CS111 Lecture 11

Nov 9, 2009

by Fei Jia and Alex Fan

Eggert's final words on low level block access to disk

What is a "Hard Disk"?

Hard disk is non-volatile memory. It organizes data in the form of blocks. Typically a disk block is 8KB, and it supports random access.

The factors affecting disk speed:
1. Seek Time - The time needed for the system to move the head to the appropriate track or cylinder, to access a block on the disk.
2. Latency Time - After the head is on the right track, the time until the desird block rotates under the read-write head.
3. Transfer Time - The time for actual transfer of data between the disk and main memory.
In class, we assume a simple performance model to measure the seek time. The cost of seeking from block i to block j = | i - j | (the distance between i and j )

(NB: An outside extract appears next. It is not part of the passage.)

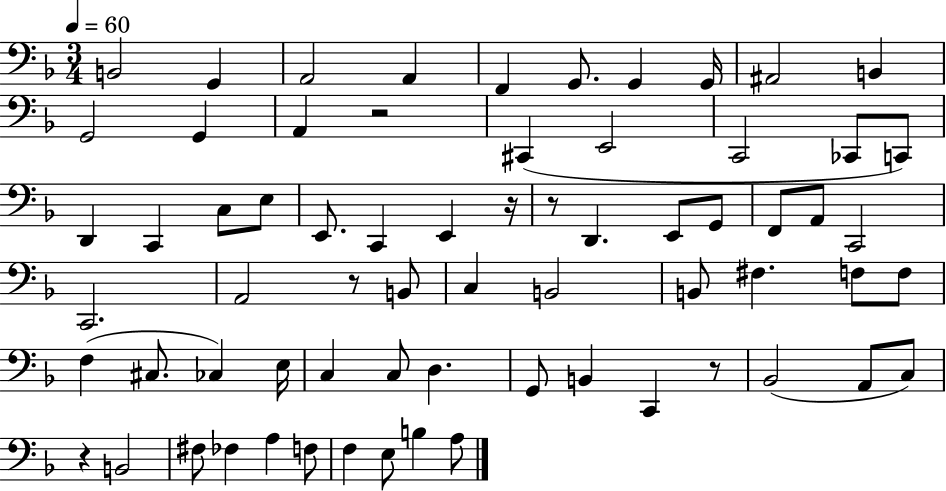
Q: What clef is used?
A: bass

Disk Scheduling Algorithms

The disk controller serves one request at a time. Any other additional requests, normally from other processes, will need to be queued. Given that we want access the whole bunch of blocks: { }, how do we schedule the access order to optimize seek time?

1) Shortest-Seek-Time-First Scheduling. (SSTF)

Method: Select the request with the minimum seek time from the current head position. This means the disk controller services together all requests close to the current head position, before moving the head far away to service another request.
Disadvantage: Starvation of some requests.

2) First-Come, First-Served Scheduling. (FCFS)

Advantage: This algorithm is easy to program and is intrinsically fair.
Disadvantage: The disk head jumps large distances and cannot optimize seek time.
Given random requests, the average seek time is |R-H|.

Compromise Algorithms (performance of SSTF and starvation prevention of FCFS):

3) A Chunking Algorithm

Method: Grab a chunk of 10 elements, do SSTF on these 10 elements before grabbing next 10 elements.
This algorithm can increase the chunk size for performance or decrease the chunk size for fairness.

4) Elevator Algorithm.

Method: Keep moving in the same direction until there are no more outstanding requests in that direction, then they switch directions.
Advantage: no starvation.
Disadvantage: a little unfair. If a request arrives in the queue just in front of the head, it will be serviced almost immediately, whereas a request arriving just behind the head will have to wait until the head moves to the end of the disk, reverses direction, and returns, before being serviced.
The average wait time in the middle is t/2.
The average wait time at the top or bottom is t/4.

5) Circular Elevator Algorithm.

A slight modification to elevator algorithm: when the highest numbered cylinder with a pending request has been serviced, the head goes to the lowest-numbered cylinder with a pending request and then continues moving in an upward direction.

The average wait time is t/2 everywhere.

6) Anticipatory Scheduling.

Suppose we have two processes A and B, each reads disk sequentially.
A: 101, 102, 103, 104, ....
B: 501, 502, 503, 504, ....
A process appears to be finished reading from the disk when it is actually processing data in preparation of the next read operation. This will cause switching to an unrelated process.
The request order using SSTF: 101, 501, 102, 502, 103, 503
Seek time = 400 / block
Idea: Anticipatory scheduling waits for a short time after a read operation in anticipation of another close-by read requests. It yields a huge win in real-time systems.

Flash Memory (a better Hard Disk?)

Flash Memory is a non-volatile computer storage that can be electrically erased and reprogrammed. It offers faster read access times than hard disks.
Properties:
1) Random access is fast.
2) Writing is much slower than reading, even slower than sequential writes to disk.
3) Memory wear. Flash memory has a finite number of erase-write cycles. Most commercially available flash products are guaranteed to withstand around 100,000 write-erase-cycles.
4) More expensive than disk.
Some file system designed specifically for Flash, such as LogFS, UBIFS.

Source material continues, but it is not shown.